═══ PROVIDED RECORDS
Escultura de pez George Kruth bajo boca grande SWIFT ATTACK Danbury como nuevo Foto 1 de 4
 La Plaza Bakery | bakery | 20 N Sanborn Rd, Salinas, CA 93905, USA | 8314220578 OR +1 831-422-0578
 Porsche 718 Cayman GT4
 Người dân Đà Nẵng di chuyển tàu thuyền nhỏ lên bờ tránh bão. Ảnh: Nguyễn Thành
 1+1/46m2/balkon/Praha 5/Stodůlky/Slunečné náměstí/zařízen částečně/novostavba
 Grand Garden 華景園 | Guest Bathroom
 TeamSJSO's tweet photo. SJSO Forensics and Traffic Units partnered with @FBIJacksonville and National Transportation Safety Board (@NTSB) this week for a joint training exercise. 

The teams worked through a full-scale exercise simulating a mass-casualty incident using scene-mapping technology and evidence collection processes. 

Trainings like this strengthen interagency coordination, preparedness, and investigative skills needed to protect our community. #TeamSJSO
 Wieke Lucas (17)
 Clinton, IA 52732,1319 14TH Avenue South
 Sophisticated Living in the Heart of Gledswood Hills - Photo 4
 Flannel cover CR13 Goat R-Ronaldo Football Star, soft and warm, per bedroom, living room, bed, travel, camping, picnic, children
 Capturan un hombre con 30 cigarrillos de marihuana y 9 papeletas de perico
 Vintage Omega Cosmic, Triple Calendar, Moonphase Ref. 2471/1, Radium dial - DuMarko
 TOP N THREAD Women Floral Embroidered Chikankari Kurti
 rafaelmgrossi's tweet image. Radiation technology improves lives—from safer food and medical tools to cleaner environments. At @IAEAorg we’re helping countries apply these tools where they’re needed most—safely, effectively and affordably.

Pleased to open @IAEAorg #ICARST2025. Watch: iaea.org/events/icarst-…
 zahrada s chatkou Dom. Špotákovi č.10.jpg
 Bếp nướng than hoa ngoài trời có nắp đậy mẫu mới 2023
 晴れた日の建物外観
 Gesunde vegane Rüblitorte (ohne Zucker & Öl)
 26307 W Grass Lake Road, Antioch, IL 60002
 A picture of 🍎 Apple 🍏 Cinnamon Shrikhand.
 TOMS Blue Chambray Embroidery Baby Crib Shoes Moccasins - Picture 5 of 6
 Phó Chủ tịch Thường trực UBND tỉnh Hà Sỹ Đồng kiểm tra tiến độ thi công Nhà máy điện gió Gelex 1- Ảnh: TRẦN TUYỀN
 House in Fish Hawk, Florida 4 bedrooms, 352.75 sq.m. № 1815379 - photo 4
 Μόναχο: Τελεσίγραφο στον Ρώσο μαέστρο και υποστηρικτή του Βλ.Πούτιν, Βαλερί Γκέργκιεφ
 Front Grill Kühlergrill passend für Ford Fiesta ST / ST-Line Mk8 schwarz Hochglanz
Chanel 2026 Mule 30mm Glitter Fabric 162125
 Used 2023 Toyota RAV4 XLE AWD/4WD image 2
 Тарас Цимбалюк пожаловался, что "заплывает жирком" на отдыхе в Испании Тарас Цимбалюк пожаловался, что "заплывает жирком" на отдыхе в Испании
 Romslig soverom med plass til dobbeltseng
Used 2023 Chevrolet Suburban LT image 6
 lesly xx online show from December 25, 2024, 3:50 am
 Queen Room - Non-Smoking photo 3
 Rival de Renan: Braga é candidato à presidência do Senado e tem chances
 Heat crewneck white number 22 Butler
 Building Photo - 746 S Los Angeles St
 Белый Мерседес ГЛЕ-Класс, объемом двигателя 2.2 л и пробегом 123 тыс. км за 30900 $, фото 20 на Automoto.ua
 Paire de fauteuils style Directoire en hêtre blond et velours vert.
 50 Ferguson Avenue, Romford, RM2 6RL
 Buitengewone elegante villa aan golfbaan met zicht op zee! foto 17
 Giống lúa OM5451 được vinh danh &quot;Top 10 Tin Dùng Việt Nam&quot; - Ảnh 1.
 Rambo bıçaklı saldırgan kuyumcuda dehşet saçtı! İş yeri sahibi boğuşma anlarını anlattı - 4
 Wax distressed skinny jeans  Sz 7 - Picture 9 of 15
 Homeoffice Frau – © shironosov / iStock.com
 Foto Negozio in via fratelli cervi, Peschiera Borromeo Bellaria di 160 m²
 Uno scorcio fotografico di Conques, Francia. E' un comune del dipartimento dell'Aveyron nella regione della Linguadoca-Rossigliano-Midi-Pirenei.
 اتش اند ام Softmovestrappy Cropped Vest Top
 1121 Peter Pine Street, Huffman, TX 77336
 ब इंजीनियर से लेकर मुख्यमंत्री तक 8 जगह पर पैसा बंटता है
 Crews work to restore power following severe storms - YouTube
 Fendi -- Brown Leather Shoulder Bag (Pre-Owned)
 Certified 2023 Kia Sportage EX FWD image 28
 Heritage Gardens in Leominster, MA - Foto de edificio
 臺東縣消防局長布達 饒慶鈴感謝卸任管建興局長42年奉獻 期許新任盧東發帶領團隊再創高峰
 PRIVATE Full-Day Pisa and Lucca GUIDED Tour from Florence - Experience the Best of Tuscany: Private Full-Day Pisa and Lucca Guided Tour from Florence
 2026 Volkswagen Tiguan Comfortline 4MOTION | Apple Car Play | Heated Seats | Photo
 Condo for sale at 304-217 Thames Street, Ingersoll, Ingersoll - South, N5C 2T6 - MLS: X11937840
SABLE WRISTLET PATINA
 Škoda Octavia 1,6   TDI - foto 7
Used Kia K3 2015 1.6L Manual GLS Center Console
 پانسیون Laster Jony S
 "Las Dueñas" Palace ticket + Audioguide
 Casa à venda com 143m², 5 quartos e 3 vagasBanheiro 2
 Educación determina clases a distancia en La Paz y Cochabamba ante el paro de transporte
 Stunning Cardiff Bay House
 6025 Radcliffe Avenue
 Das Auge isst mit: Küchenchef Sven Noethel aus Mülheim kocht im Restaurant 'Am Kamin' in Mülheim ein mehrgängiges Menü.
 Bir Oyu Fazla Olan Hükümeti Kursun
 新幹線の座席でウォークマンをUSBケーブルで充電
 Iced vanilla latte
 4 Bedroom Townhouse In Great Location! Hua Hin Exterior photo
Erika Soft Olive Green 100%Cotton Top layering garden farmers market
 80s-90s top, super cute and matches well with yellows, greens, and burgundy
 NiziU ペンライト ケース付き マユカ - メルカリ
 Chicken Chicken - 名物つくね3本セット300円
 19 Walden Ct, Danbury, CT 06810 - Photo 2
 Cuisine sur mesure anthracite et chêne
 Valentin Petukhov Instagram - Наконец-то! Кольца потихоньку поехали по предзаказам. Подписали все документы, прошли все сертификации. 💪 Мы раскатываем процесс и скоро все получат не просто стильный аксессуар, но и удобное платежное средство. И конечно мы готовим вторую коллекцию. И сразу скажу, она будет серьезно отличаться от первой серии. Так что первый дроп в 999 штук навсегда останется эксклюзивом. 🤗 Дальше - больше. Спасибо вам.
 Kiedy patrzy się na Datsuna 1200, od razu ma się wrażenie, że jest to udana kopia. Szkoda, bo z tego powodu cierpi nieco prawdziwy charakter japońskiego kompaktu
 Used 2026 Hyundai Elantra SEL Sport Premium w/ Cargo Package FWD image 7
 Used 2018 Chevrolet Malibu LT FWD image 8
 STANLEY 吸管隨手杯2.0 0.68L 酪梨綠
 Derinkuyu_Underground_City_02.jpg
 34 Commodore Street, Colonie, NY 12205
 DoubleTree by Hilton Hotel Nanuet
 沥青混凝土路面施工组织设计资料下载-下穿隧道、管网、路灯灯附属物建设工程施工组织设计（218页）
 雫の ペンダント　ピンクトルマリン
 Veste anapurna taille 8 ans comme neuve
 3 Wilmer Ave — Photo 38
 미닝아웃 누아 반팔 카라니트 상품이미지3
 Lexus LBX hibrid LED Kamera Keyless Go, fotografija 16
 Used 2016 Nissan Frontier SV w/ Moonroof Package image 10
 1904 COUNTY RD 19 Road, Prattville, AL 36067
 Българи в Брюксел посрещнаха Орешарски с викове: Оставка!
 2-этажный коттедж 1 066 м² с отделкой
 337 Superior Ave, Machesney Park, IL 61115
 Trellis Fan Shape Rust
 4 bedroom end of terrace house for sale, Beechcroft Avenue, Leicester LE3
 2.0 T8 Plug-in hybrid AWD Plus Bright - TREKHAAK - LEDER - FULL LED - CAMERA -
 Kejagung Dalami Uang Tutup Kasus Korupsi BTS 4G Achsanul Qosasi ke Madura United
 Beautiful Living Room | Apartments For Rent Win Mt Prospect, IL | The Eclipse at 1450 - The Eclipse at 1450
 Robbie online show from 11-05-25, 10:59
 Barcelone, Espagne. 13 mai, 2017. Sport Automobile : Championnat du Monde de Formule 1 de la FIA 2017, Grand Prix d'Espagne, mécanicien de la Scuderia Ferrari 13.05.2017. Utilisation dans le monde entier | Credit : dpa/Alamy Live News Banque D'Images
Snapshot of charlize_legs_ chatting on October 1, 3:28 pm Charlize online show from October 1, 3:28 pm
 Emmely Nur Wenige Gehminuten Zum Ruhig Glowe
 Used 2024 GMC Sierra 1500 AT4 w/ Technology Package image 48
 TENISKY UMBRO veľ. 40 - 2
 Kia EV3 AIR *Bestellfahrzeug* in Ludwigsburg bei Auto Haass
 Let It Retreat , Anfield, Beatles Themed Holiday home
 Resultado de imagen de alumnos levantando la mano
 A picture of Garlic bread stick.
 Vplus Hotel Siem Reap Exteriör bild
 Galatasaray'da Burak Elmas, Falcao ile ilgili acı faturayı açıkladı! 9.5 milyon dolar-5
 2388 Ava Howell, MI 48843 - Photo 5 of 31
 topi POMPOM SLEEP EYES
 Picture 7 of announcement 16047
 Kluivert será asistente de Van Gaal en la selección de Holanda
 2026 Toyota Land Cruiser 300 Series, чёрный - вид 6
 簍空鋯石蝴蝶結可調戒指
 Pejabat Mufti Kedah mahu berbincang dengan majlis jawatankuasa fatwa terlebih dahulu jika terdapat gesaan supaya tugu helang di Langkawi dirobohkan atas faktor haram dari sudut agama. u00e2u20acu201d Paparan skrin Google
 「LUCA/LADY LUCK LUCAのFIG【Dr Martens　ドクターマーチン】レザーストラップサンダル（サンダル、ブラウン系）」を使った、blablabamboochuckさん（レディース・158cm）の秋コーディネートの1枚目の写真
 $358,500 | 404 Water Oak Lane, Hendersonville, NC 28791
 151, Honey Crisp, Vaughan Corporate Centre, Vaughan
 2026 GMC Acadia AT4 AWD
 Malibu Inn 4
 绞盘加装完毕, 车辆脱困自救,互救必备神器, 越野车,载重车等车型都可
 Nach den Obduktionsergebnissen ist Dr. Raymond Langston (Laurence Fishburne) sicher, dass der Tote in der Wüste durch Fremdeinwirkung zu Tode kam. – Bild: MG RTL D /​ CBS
══════
* YOUR INSTRUCTIONS
Beginning at the line with "151, Honey Crisp, Vaughan" and stopping after the line with "绞盘加装完毕, 车辆脱困自救,互救必备神器, 越野车,载重车等车型都可", please write out every line of the data above exactly and nothing else.

* TASK ANSWER
 151, Honey Crisp, Vaughan Corporate Centre, Vaughan
 2026 GMC Acadia AT4 AWD
 Malibu Inn 4
 绞盘加装完毕, 车辆脱困自救,互救必备神器, 越野车,载重车等车型都可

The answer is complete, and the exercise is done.